Regardless of where you live, you have the right to:

  • Know what personal data we hold about you.
  • Access it — we'll export it on request, and we'll build a one-click export in the app.
  • Correct it.
  • Delete it.
  • Object to processing, or withdraw consent where we rely on it.
  • Port your data to another service.

If you're in the EU/UK, these rights come from the GDPR/UK GDPR. If you're in California, they come from the CCPA/CPRA, and we confirm explicitly: we do not sell or share your personal information, and we do not use it to train any AI model.
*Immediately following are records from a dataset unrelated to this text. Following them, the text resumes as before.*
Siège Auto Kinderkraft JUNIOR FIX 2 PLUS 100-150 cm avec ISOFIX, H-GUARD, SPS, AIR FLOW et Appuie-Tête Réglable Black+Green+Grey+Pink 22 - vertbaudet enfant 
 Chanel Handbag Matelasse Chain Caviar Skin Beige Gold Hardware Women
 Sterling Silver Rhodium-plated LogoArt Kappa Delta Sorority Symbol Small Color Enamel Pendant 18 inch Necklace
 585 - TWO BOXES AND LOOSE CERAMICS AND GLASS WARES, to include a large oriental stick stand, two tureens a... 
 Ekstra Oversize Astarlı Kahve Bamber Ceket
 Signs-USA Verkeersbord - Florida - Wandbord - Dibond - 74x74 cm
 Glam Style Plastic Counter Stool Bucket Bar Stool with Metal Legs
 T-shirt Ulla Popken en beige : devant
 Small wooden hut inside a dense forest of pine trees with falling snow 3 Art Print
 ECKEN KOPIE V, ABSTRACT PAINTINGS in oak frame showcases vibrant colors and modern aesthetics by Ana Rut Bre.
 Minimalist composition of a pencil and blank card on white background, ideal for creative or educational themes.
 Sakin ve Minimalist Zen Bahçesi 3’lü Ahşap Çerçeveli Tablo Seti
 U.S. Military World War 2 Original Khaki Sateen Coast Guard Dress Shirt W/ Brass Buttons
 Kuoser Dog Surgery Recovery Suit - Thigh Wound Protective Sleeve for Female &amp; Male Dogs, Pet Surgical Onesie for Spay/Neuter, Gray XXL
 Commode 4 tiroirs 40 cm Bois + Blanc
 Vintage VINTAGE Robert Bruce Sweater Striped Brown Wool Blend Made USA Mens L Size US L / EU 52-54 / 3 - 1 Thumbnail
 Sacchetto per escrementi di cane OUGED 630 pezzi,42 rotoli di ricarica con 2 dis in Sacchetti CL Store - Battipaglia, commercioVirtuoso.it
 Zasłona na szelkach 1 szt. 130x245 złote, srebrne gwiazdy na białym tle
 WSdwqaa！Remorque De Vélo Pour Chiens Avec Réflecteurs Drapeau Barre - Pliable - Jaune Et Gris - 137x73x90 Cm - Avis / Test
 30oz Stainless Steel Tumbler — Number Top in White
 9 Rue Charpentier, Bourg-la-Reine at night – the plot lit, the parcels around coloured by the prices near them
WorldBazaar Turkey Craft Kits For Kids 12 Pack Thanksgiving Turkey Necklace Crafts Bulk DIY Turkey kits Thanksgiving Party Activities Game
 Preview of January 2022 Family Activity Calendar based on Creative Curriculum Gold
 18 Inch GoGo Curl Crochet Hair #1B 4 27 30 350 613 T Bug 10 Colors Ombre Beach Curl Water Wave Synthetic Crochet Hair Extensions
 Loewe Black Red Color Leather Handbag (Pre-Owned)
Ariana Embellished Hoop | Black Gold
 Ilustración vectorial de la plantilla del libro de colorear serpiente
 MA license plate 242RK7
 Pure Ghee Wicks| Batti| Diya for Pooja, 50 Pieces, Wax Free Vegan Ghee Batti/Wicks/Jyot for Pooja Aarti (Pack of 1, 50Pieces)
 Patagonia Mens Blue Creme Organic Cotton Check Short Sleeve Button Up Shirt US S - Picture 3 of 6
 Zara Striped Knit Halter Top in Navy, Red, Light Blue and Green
To exercise any of these rights, email [email protected]. We'll respond within 30 days.

07 / Cookies & tracking

Cookies and tracking.

The marketing site at getvestal.com uses no third-party analytics, no advertising pixels, and no cross-site trackers. The only cookies set are strictly necessary ones used by the app for session management when you're logged in. There's nothing to opt out of because there's nothing tracking you.

08 / Children

Children.

Vestal is not designed for or directed at children under 16, and we don't knowingly collect personal information from them. If you believe a child has signed up, email us and we'll remove the record.

09 / Changes

Changes to this policy.

If we change this policy in a way that meaningfully affects what we collect or how we handle it, we'll email everyone with an account at least 30 days before the change takes effect. A dated version history lives at /privacy/changelog. Minor copy edits (typos, clarifications that don't change meaning) happen without notice, but the effective date at the top of this page moves every time.

10 / Contact

Get in touch.

For anything privacy-related — exercising a right, asking a question, reporting something that doesn't look right — write to us:

Privacy contact

[email protected] — reaches a human, not a queue.

Tumble Road LLC
Attn: Privacy
7829 Center Blvd SE, Suite 277
Snoqualmie, WA 98065
United States
A note on this draft. Vestal is pre-launch. This page reflects the privacy posture we have committed to in product design — client-side encryption, zero-knowledge sync, no data sales, no AI training — and it will be reviewed by counsel before the product ships. If you notice anything that reads as unclear or sketchy, tell us and we'll fix it. That's a standing offer.